Patrick J. Foye, Esq.                      Scott Wallace, Esq.
SKADDEN, ARPS, SLATE, MEAGHER & FLOM       HAYNES AND BOONE, L.L.P.
919 Third Avenue                           901 Main Street, Suite  3100
New York, New York  10022                  Dallas, Texas 75202
(212) 735-2274                             (214) 651-5587



          This Amendment No. 2 amends and supplements the
following Items of the Solicitation/Recommendation Statements on
Schedule 14D-9 of the Partnerships filed with the Securities and
Exchange Commission on October 4, 1996, as amended (the
"Schedules 14D-9").  Unless otherwise indicated, all capitalized
terms used but not defined in this Amendment No. 2 have the
meanings set forth in the Schedules 14D-9.

ITEM 9.   MATERIAL TO BE FILED AS EXHIBITS

          Items 9 is hereby supplemented by adding the following:

(c)(11)        Form of Letter to Unitholders.

(c)(12)        Form of Notice of Withdrawal.


                                   SIGNATURE

          After reasonable inquiry and to the best of my
knowledge and belief, I certify that the information set forth in
this statement is true, complete and correct.

Dated:  November 8, 1996
                              MCNEIL PARTNERS, L.P.
                              General Partner of each of the Partnerships

                              By:    McNeil Investors, Inc.
                                     General Partner

                              By:    /s/ Donald K. Reed       
                                     Donald K. Reed
                                     President


                          EXHIBIT INDEX

   Exhibit                  Description                  Page

 (c)(11)     Form of Letter to Unitholders.                 5

 (c)(12)     Form of Notice of Withdrawal.                  7




                       MCNEIL REAL ESTATE FUND XXIV, L.P.

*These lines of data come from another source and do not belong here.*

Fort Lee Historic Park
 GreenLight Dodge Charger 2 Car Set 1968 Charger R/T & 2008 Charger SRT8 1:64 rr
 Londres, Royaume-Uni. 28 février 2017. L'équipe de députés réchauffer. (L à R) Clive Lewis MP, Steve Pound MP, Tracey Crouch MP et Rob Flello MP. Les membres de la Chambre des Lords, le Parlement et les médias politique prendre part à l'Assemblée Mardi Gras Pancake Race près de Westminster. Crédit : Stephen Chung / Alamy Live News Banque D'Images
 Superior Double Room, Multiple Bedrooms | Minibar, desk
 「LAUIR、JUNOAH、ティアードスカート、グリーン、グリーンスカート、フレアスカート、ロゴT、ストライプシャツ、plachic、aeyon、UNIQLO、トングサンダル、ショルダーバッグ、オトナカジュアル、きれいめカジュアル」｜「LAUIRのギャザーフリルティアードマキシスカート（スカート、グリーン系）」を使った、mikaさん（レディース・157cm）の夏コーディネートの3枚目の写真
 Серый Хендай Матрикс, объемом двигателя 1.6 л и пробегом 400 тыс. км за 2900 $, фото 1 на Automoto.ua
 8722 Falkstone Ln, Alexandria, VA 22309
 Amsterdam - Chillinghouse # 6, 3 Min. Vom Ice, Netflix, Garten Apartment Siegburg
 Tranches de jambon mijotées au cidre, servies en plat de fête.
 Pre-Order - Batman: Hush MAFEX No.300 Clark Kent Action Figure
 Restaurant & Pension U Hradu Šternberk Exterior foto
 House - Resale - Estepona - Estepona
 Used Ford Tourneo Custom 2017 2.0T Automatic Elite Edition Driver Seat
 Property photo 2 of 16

         Question:      [Did you see the] liquidation values [of the McNeil
                        Partnerships] published ...?
         ICAHN:         "I DIDN'T LOOK AT THEM AT ALL ....  I DIDN'T LOOK AT
                        IT BECAUSE I DIDN'T CARE. I FIGURED--"
         Question:      You just throw out $150 million and you don't care?
         ICAHN:         "75% OF LIQUIDATING VALUE IS GOOD ENOUGH FOR ME. 
                        THAT'S WHAT I WANT TO PAY.  GOOD RETURN ON MY MON-
                        EY."

                                       Excerpt from cross-examination of
                                       Carl C. Icahn, October 2, 1996
         Dear Unitholder:

         By now you should be very familiar with the name Carl C. Icahn. 
         For more than a year, Mr. "GOOD RETURN ON MY MONEY" Icahn, and his
         affiliate, High River Limited Partnership, have attempted, through
         repeated "hostile" tender offers, litigation and bluster, to
         acquire control of McNeil Real Estate Fund XXIV, L.P. (the "Part-
         nership").  In this regard, they have repeatedly tried to buy your
         Units at prices below their values and made unfounded allegations
         about the Partnership and its General Partner.  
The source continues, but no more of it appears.